◆ **Problem to solve**: What is needed is an exact copy of the records below, with the pictures left out.

◆ **Available records**:
********************
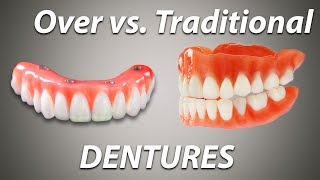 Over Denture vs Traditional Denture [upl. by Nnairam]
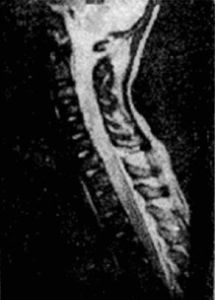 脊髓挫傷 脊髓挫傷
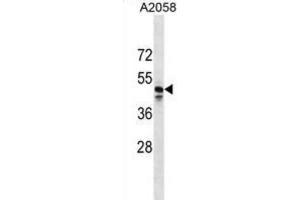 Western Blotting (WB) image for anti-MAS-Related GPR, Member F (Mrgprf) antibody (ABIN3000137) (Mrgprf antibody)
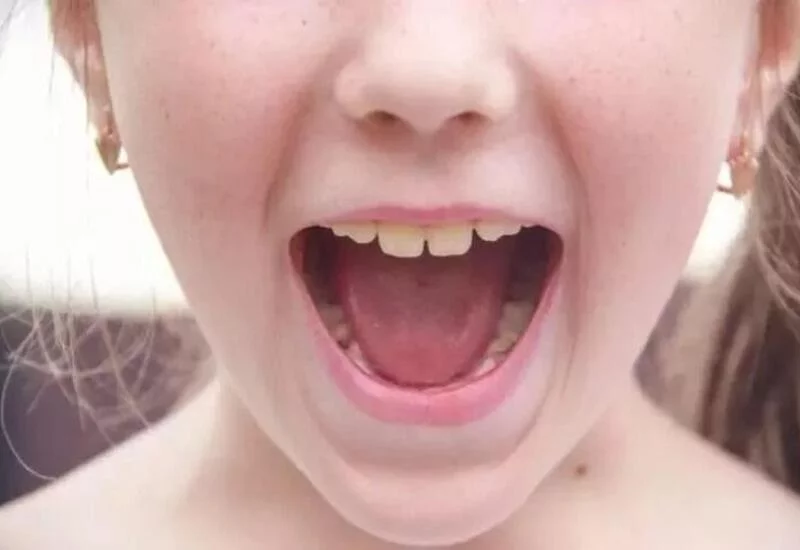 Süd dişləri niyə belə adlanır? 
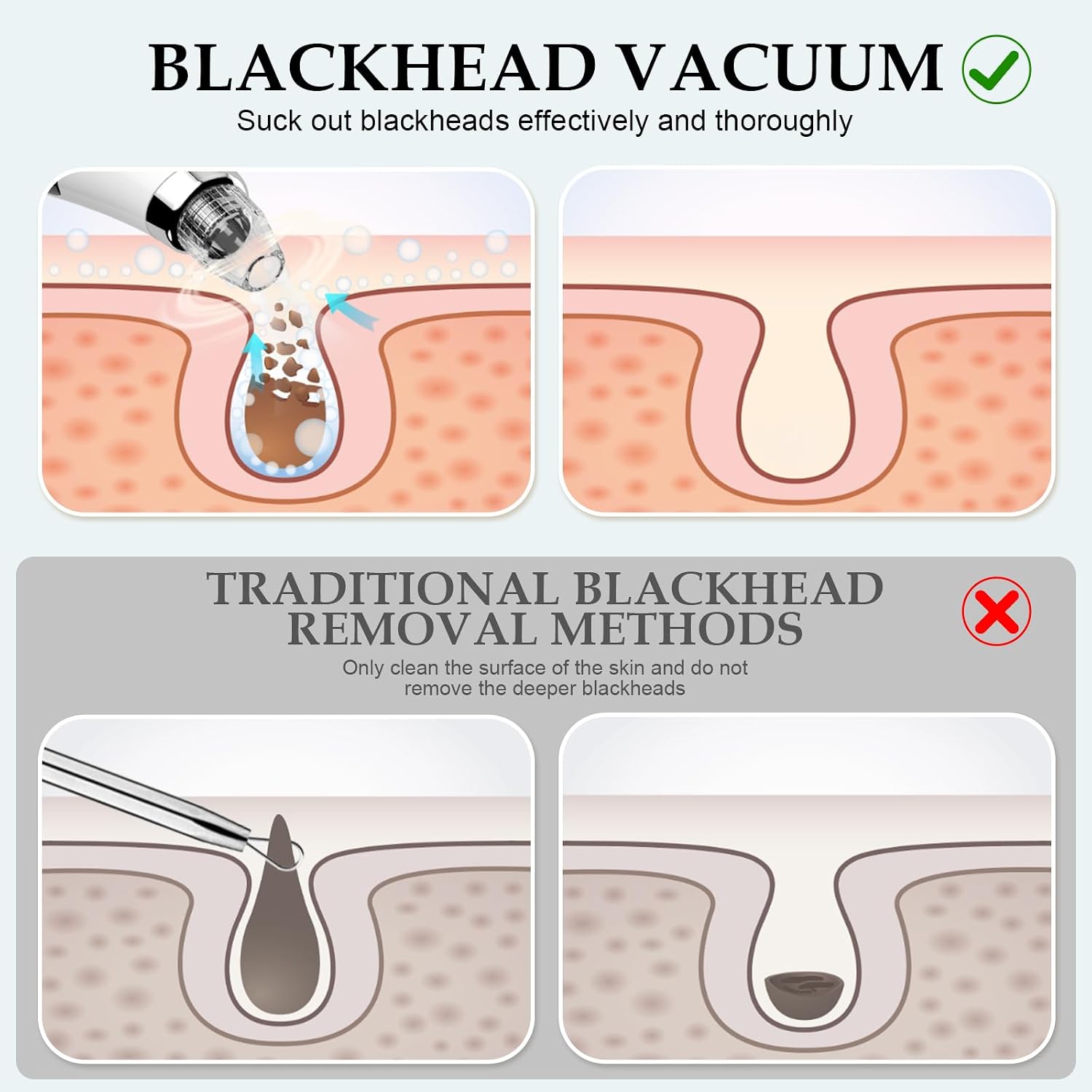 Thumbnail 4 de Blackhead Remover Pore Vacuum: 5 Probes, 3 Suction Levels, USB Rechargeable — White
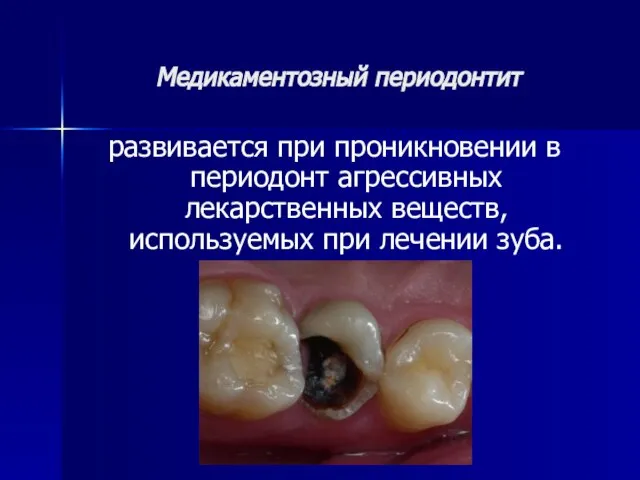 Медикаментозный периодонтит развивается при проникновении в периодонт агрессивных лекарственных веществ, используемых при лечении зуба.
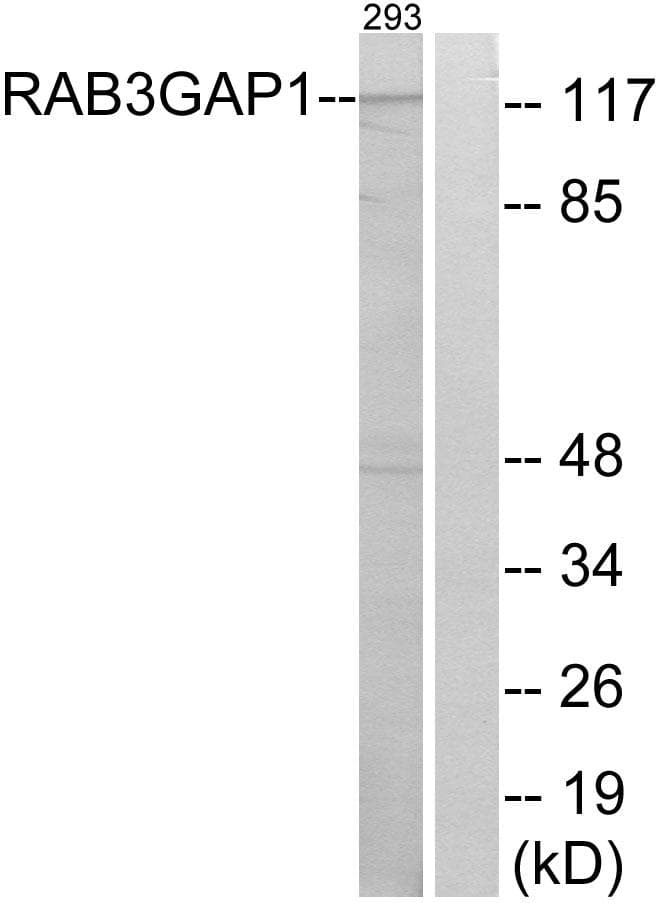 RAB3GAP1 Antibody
********************
◆ **Problem solution**:
 Over Denture vs Traditional Denture [upl. by Nnairam]
 脊髓挫傷 脊髓挫傷
 Western Blotting (WB) image for anti-MAS-Related GPR, Member F (Mrgprf) antibody (ABIN3000137) (Mrgprf antibody)
 Süd dişləri niyə belə adlanır? 
 Thumbnail 4 de Blackhead Remover Pore Vacuum: 5 Probes, 3 Suction Levels, USB Rechargeable — White
 Медикаментозный периодонтит развивается при проникновении в периодонт агрессивных лекарственных веществ, используемых при лечении зуба.
 RAB3GAP1 Antibody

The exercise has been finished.